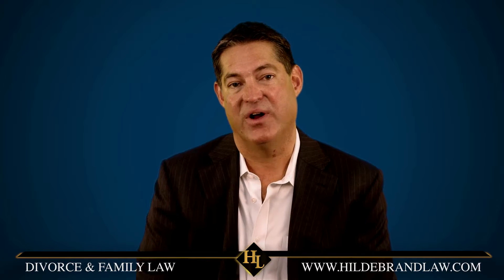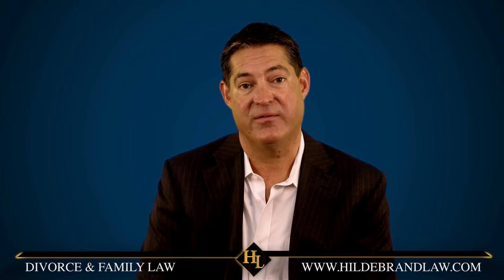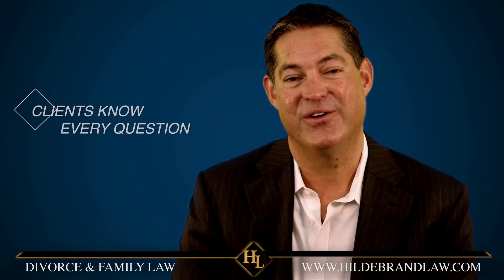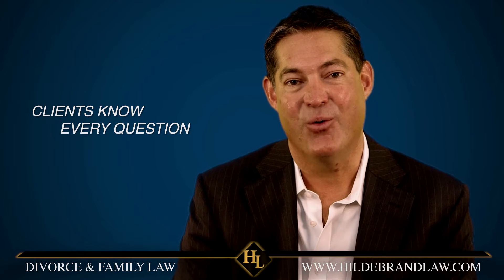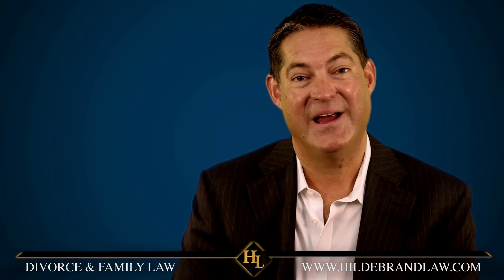We outline every single question that we're going to ask our clients, including their witnesses, and we cross-reference that document with all the exhibits we're going to use. So our clients know every single question we're going to ask them, the order in which we're going to ask those questions, and the documents we're going to use during that hearing.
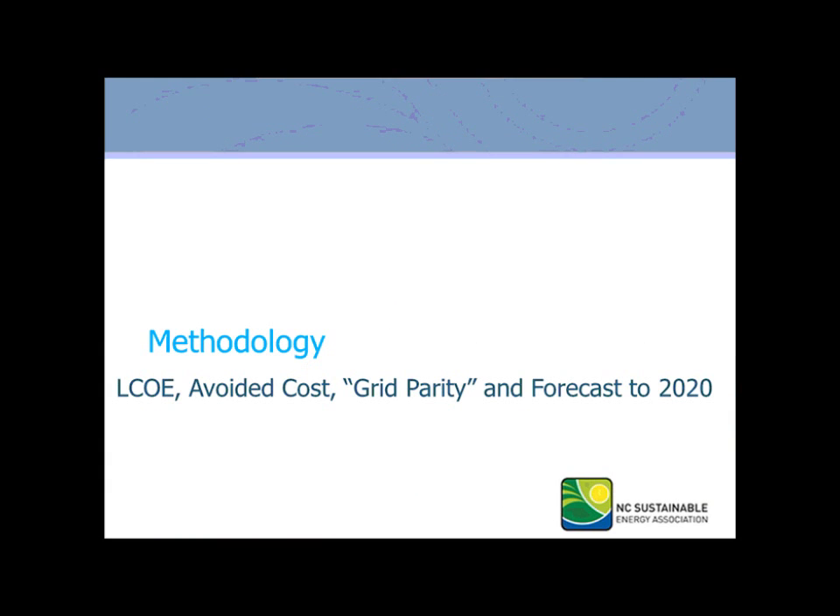Our methodology is to look at the LCOE using SAM, avoided costs, evaluating grid parity with avoided costs in retail electricity prices published by the Energy Information Administration, and forecast for 2020 to show those grid lines intersecting.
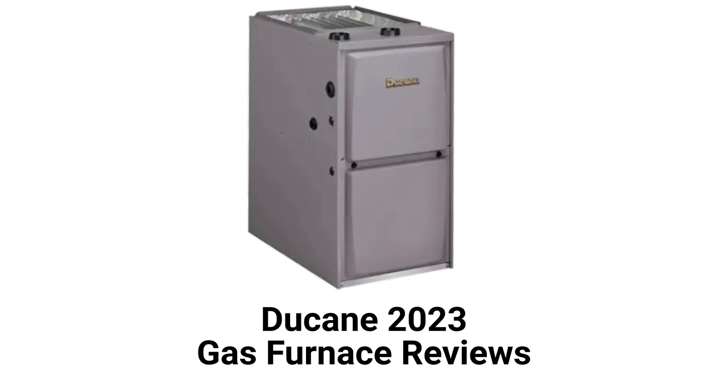Their warranty is not as good as other brands, as it does not provide for total furnace replacement in case of heat exchanger failure.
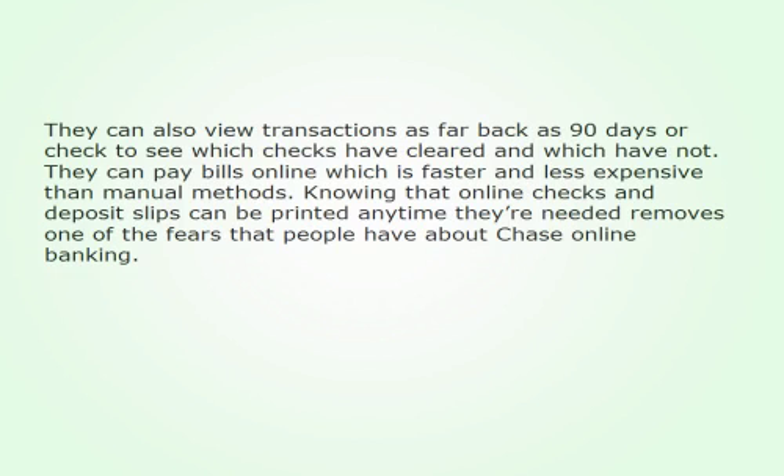They can also view transactions as far back as 90 days, or check to see which checks have cleared and which have not. They can pay bills online, which is faster and less expensive than manual methods.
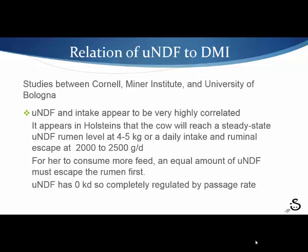We're looking at a cow with a finite size rumen. She has a finite volume in which she can put forages. Studies done recently — including work by Vansuse, Nordic countries, and a study between Cornell, Miner Institute, and the University of Bologna — indicate that UNDF is very highly correlated to intake. In a Holstein cow, that correlation seems to break out around 2,000 to 2,500 grams per day that she can take in. She can only take in more feed if she's able to eliminate some UNDF through passage.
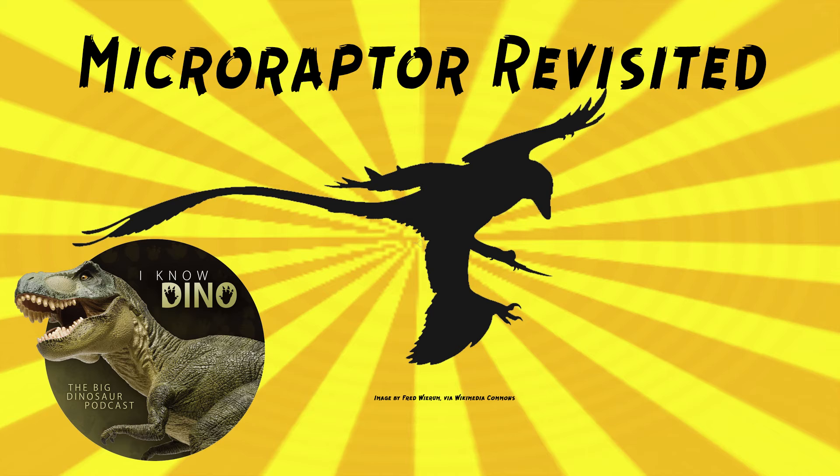We talked about the Microraptor that ate the lizard back in episode 245. This one was found with a complete articulated lizard in its stomach — a juvenile or sub-adult — taking up a lot of space in the abdomen, with its head near the bottom of the stomach, the legs a bit higher, and the tail all the way up to the dinosaur's sternum. It seems the Microraptor swallowed this lizard whole and headfirst, and must have died shortly after because the lizard is so well preserved. Eating it headfirst has been used as an argument that it hunted rather than scavenged.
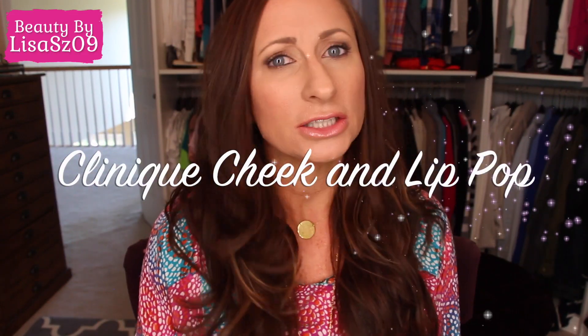Hi again YouTubers, so this is a review on two Clinique products that I own from their ColourPop line, and I would love to know suggestions from you guys from this line on any other options that you think are worth giving a try.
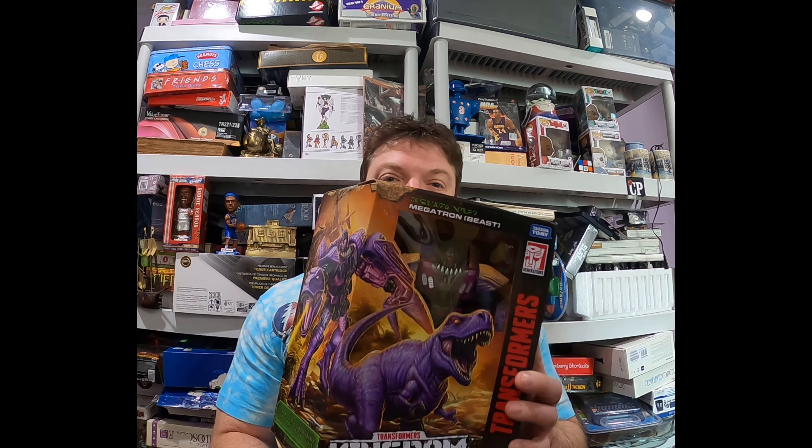Hello everyone, this is Roman, welcome back to my channel. Doing a new vlog today on two products sold on eBay recently. The first product is a Transformers action figure.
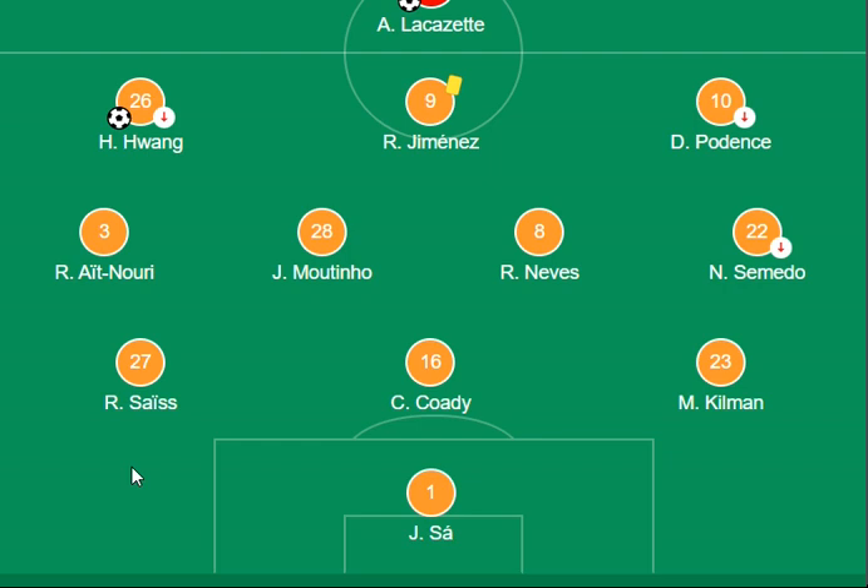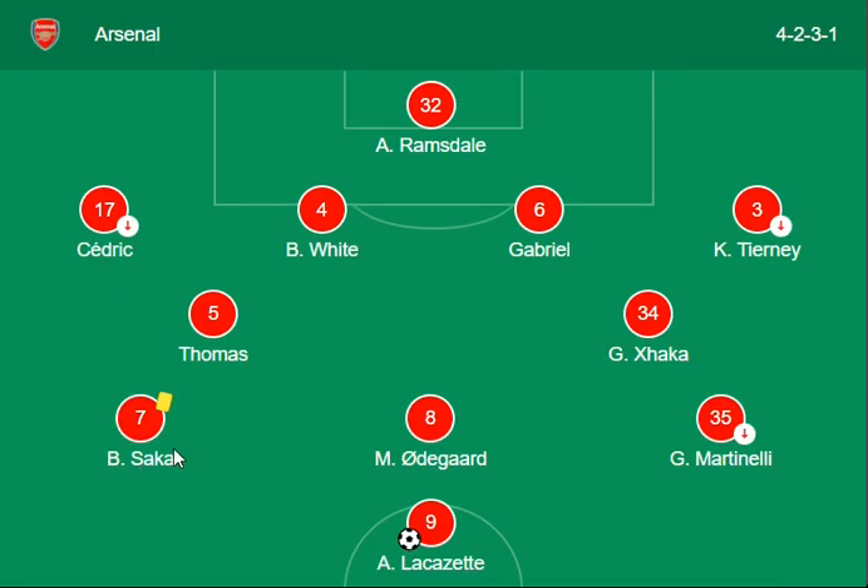The formation from the Wolves side is a 3-4-3, while Arsenal are playing a 4-2-3-1 combination. It's a good lineup and a good set up for the backline side from Arsenal.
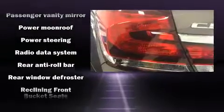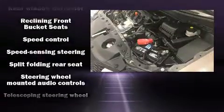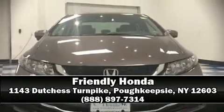This vehicle has achieved certified pre-owned status by passing Honda's comprehensive certification process, including an exhaustive 150-point inspection. Our sales reps are knowledgeable and professional. We are here to help you.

....

▶ _Task goal_: Leaving out the pictures, print each line of the records above from the first up to and including the one that contains "We're looking at", exactly as written.

▶ _Written reply_:
We outline every single question that we're going to ask our clients, including their witnesses, and we cross-reference that document with all the exhibits we're going to use. So our clients know every single question we're going to ask them, the order in which we're going to ask those questions, and the documents we're going to use during that hearing.
Our methodology is to look at the LCOE using SAM, avoided costs, evaluating grid parity with avoided costs in retail electricity prices published by the Energy Information Administration, and forecast for 2020 to show those grid lines intersecting.
Their warranty is not as good as other brands, as it does not provide for total furnace replacement in case of heat exchanger failure.
They can also view transactions as far back as 90 days, or check to see which checks have cleared and which have not. They can pay bills online, which is faster and less expensive than manual methods.
We're looking at a cow with a finite size rumen. She has a finite volume in which she can put forages. Studies done recently — including work by Vansuse, Nordic countries, and a study between Cornell, Miner Institute, and the University of Bologna — indicate that UNDF is very highly correlated to intake. In a Holstein cow, that correlation seems to break out around 2,000 to 2,500 grams per day that she can take in. She can only take in more feed if she's able to eliminate some UNDF through passage.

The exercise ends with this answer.